++++ Data for this task ++++

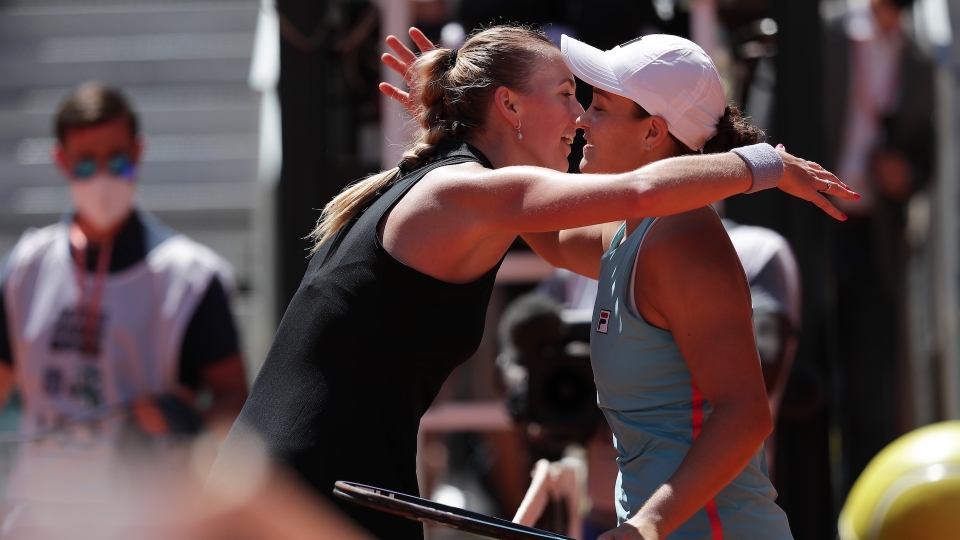 Petra Kvitova e Ashleigh Barty Petra Kvitova e Ashleigh Barty
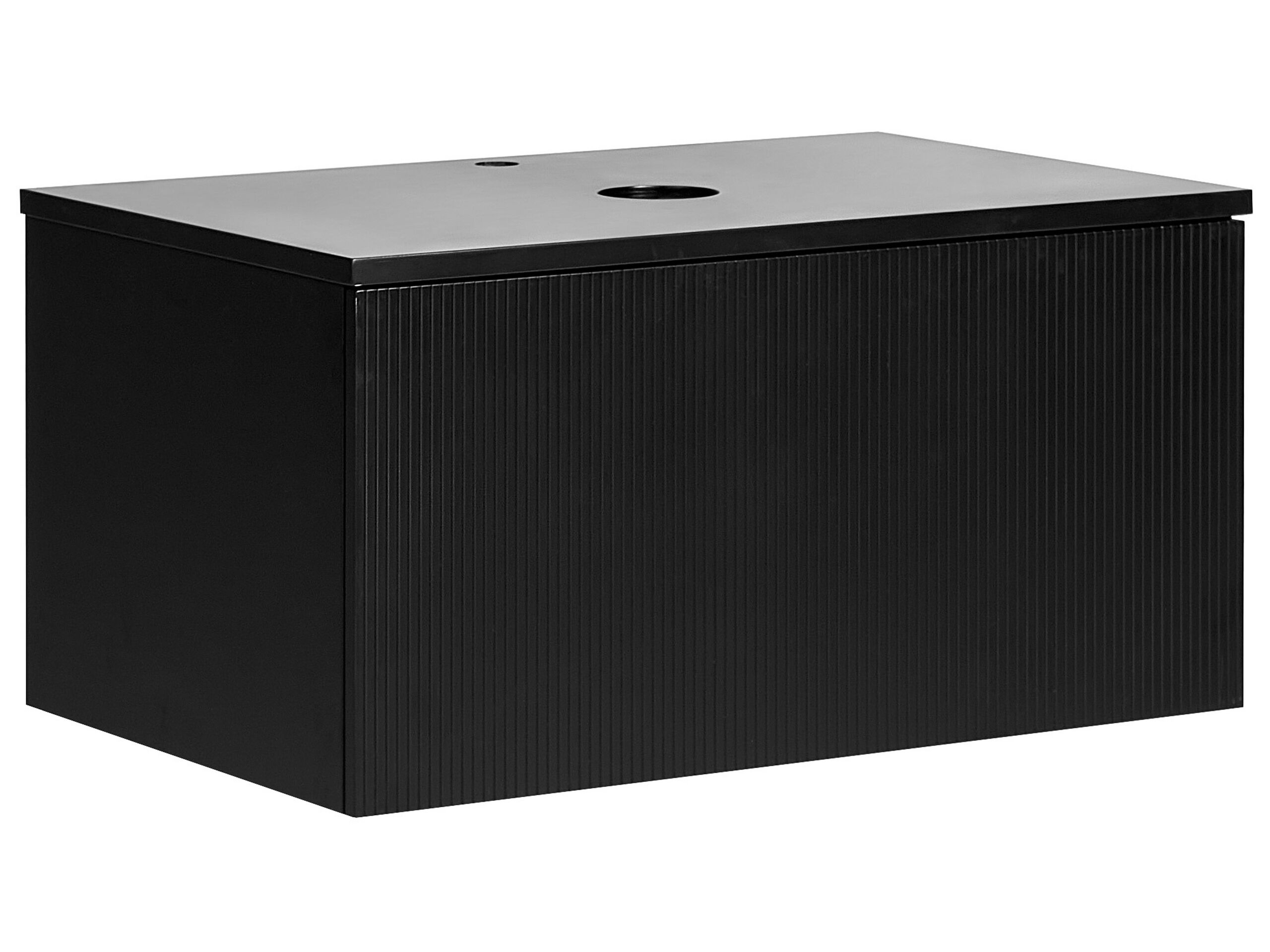 Beliani Armário de casa de banho ALZIRA 80 Preto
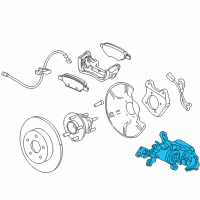 OEM 2013 Chevrolet Cruze Caliper Diagram - 13300861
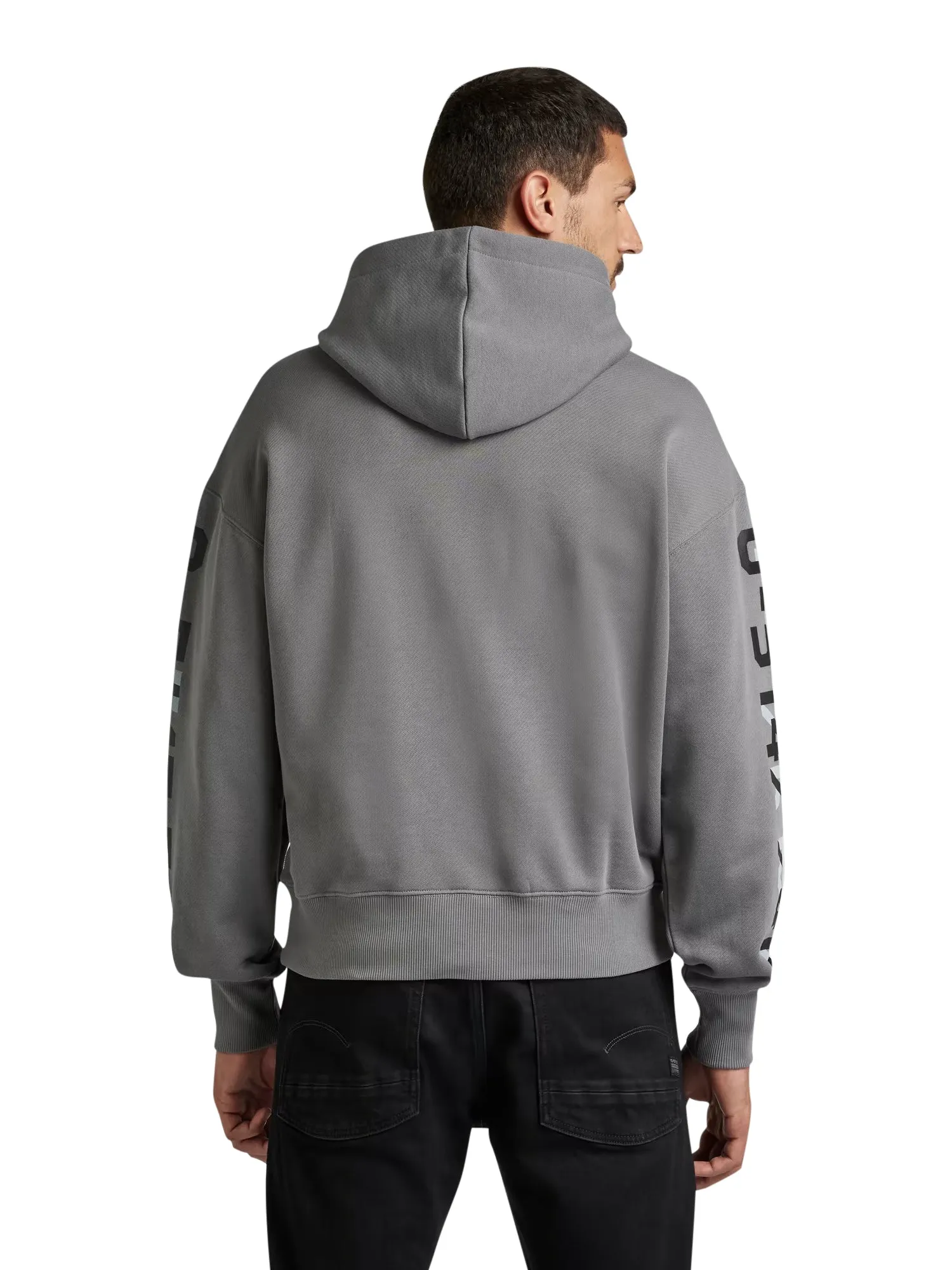 G-Star Raw Men's Sleeve Graphics Loose Hooded Sweater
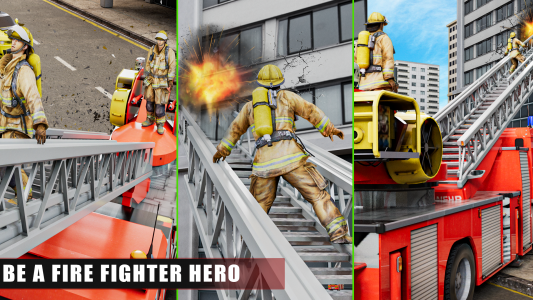 اسکرین شات برنامه Fire Truck Games & Rescue Game 3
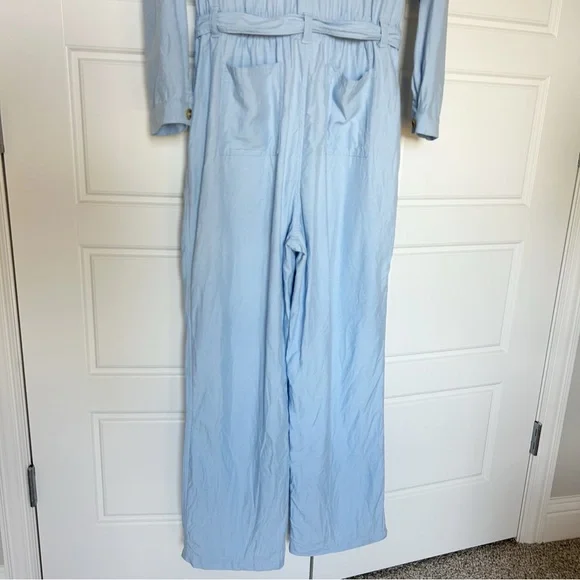 Soft Surroundings Kerry Jumpsuit Blue Size L - Picture 10 of 12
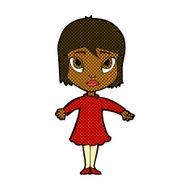 comic cartoon girl in dress N2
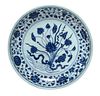 A Blue and White Porcelain Charger Diameter 12 3/4 inches.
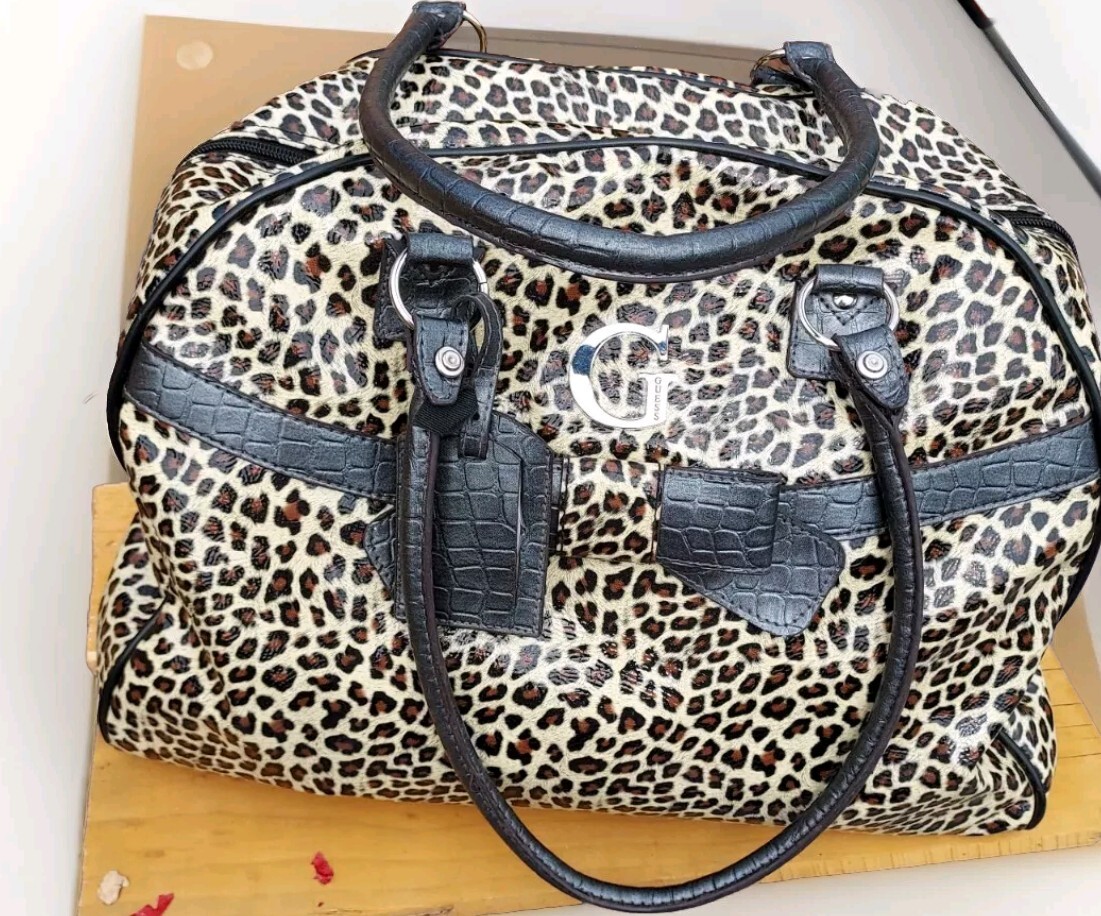バッグ 00s archive GUESS hand bag 2way leopard 00s archive GUESS hand bag 2way leopard - メルカリ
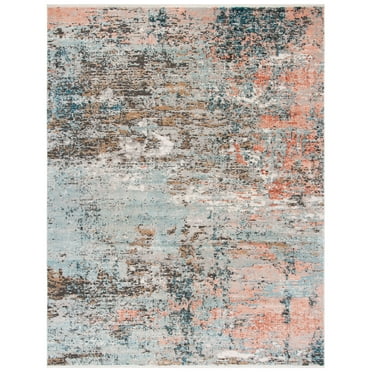 SAFAVIEH Shivan Rosalynne Abstract Area Rug, Grey/Pink, 8' x 10'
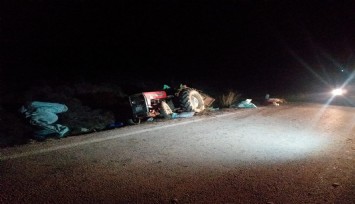 Ödemiş'te traktör kazası: 1 can kaybı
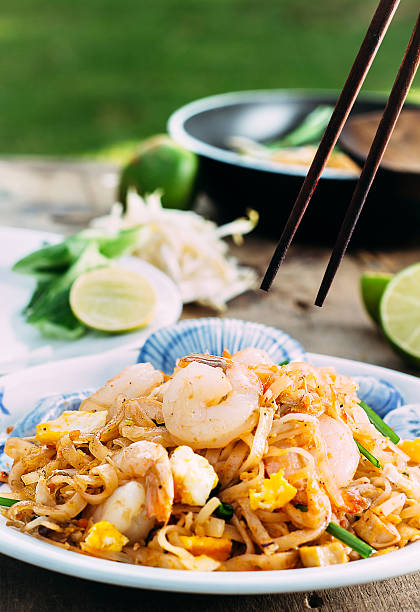 istock Padthai Thai noodle style on wooden background 478820746
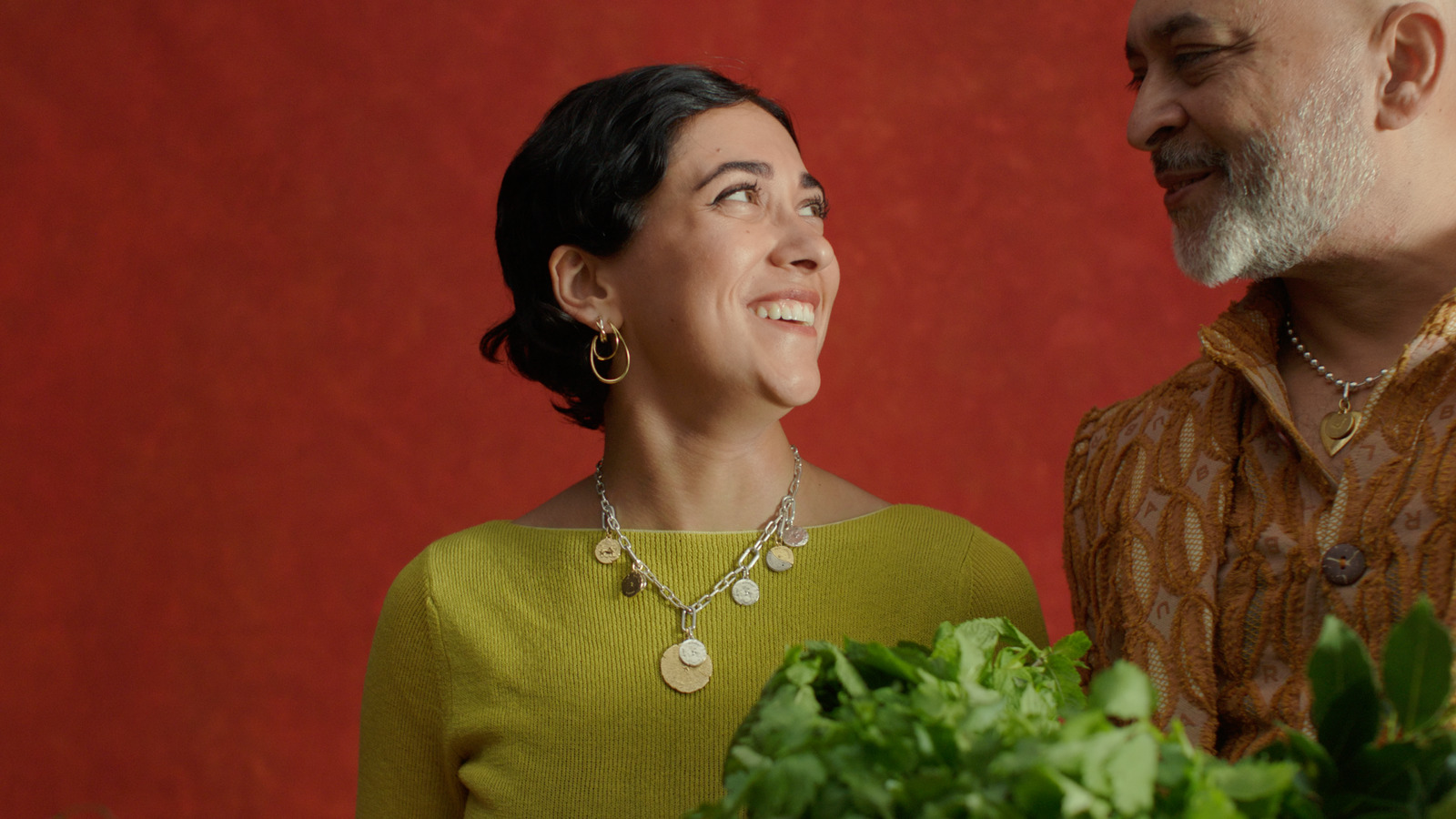 Tami Aftab & Tony, commercial directed by Emily McDonald for British Vogue × Pandora. Colour grade by Anibal Castaño, Grade by Humans (still 10)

++++

- **Your assignment**: The required output is every line of the data above, set down exactly and stripped of pictures.

- **Solution to the problem**:
 Petra Kvitova e Ashleigh Barty Petra Kvitova e Ashleigh Barty
 Beliani Armário de casa de banho ALZIRA 80 Preto
 OEM 2013 Chevrolet Cruze Caliper Diagram - 13300861
 G-Star Raw Men's Sleeve Graphics Loose Hooded Sweater
 اسکرین شات برنامه Fire Truck Games & Rescue Game 3
 Soft Surroundings Kerry Jumpsuit Blue Size L - Picture 10 of 12
 comic cartoon girl in dress N2
 A Blue and White Porcelain Charger Diameter 12 3/4 inches.
バッグ 00s archive GUESS hand bag 2way leopard 00s archive GUESS hand bag 2way leopard - メルカリ
 SAFAVIEH Shivan Rosalynne Abstract Area Rug, Grey/Pink, 8' x 10'
 Ödemiş'te traktör kazası: 1 can kaybı
 istock Padthai Thai noodle style on wooden background 478820746
 Tami Aftab & Tony, commercial directed by Emily McDonald for British Vogue × Pandora. Colour grade by Anibal Castaño, Grade by Humans (still 10)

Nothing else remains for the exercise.